I don’t really blame them. It’s almost 100 degrees, we have no shade, and it hasn’t rained for a week, so we’ve got no rain barrel water to play with. So for the last week or so, they’ve been huddled in the dark, cool basement, playing video games and throwing toys up and down the stairs. Screaming. Screaming loudly. I very much need it to rain or cool down outside.

Which makes this the perfect time to read Luz Makes a Splash. The cover doesn’t hold much promise – it looks like a basic summer book, right? Kind of bland?
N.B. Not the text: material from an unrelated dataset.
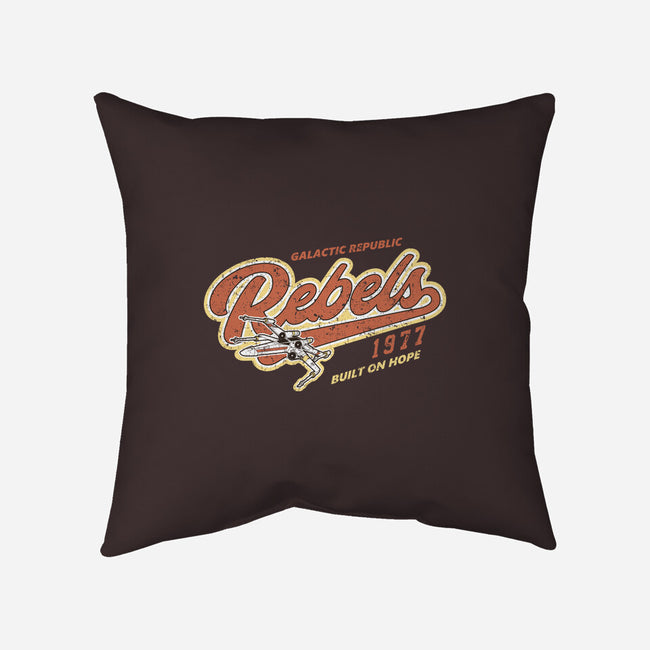 Galactic Rebels-None-Removable Cover w Insert-Throw Pillow-retrodivision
But oh no! OH MY GOSH IT WAS SO GOOD!

This was a pretty short read, both the 6 & 8-year old found it riveting, and the author tied together a whole host of complicated subjects (feeling left out, collective action, climate justice, corporate accountability, more good stuff) into one short graphic novel.



plaster pool demolition

plaster pool demolition

Parenting is Praxis: Reading is only the first step

With photos! Because this was HARD-ASS-WORK that took a long sweaty time, and I am very proud of it! Also look at how much fun this is for the Earthquakes!

I wish we had found this book earlier, because it’s way more fun to start these projects with a story to introduce it. But we have to take action to mitigate pollution, climate change and get back to sustainable land stewardship – and we can’t wait until we find the perfect story to do it.
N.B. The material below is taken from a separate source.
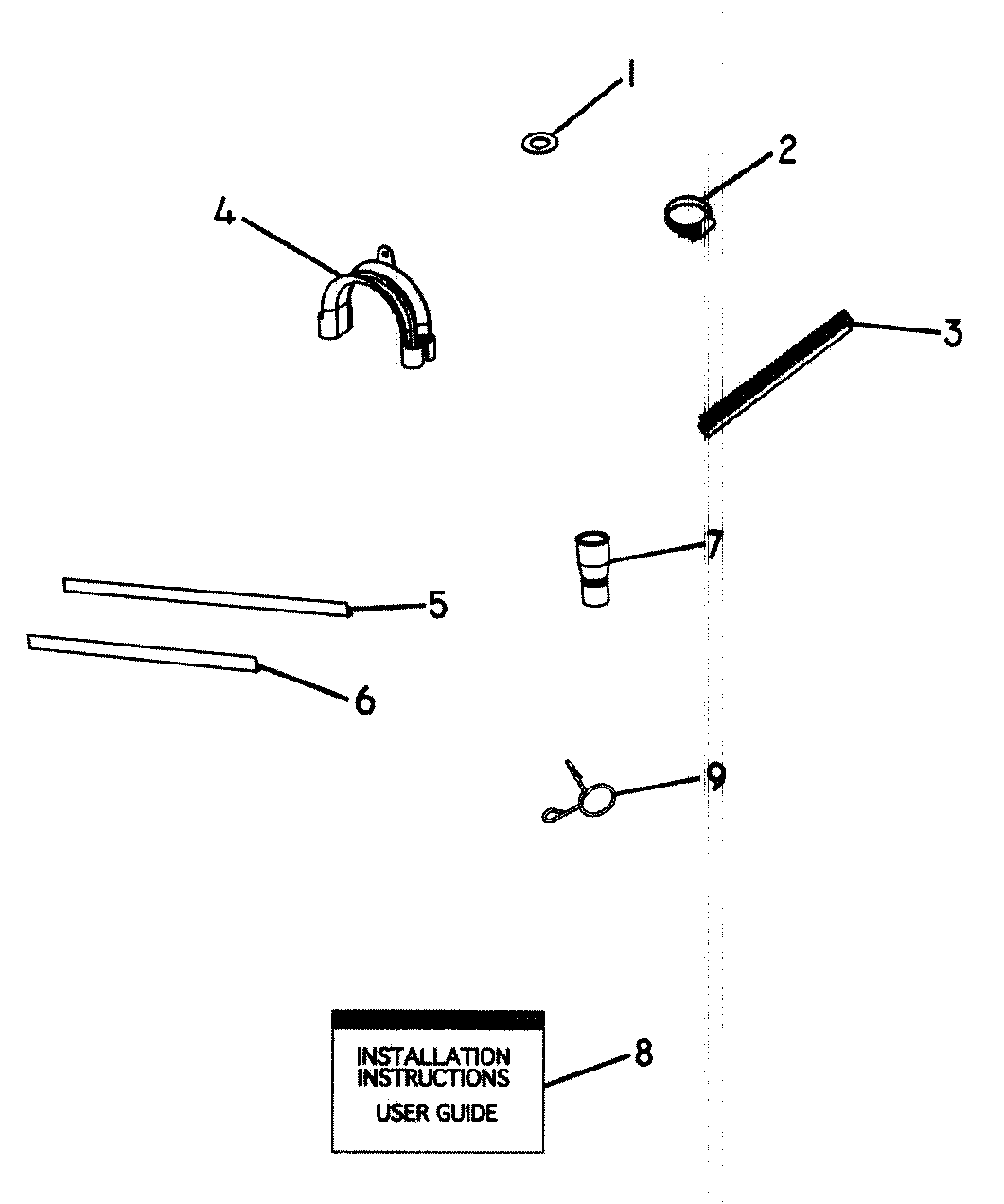 Installation components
In Luz Makes a Splash, they worked on a community garden, and concentrated on working with local businesses – which is perfect for folks who don’t own land. We live in a single-family home, which gives us the privilege to shape our land. The actions we took started four years ago and they are very time consuming to do things like dig out a rain garden by hand.
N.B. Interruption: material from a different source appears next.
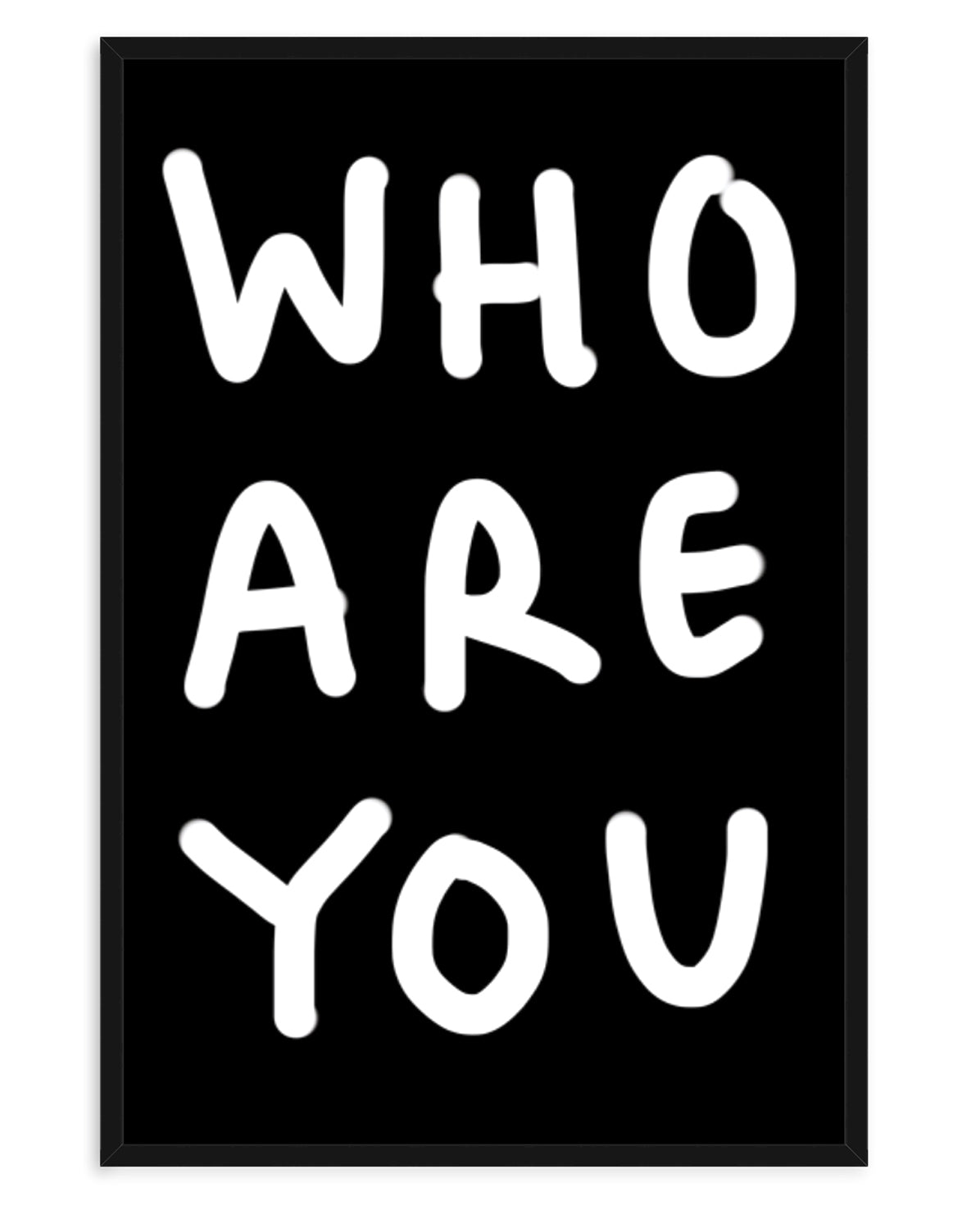 Shantell Martin Print Who Are You-Print-Shantell Martin Shop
So I get it – this isn’t something you finish tomorrow. But you do have to make a firm commitment to keep plowing forward, and some of these actions you can do today.

Whether this story inspires you to start a new project together with your kids, or to finally finish one up (guilty – we still haven’t moved stuff around to make space for new trees), here are some actions we took after learning about the importance of water conservation and protecting groundwater.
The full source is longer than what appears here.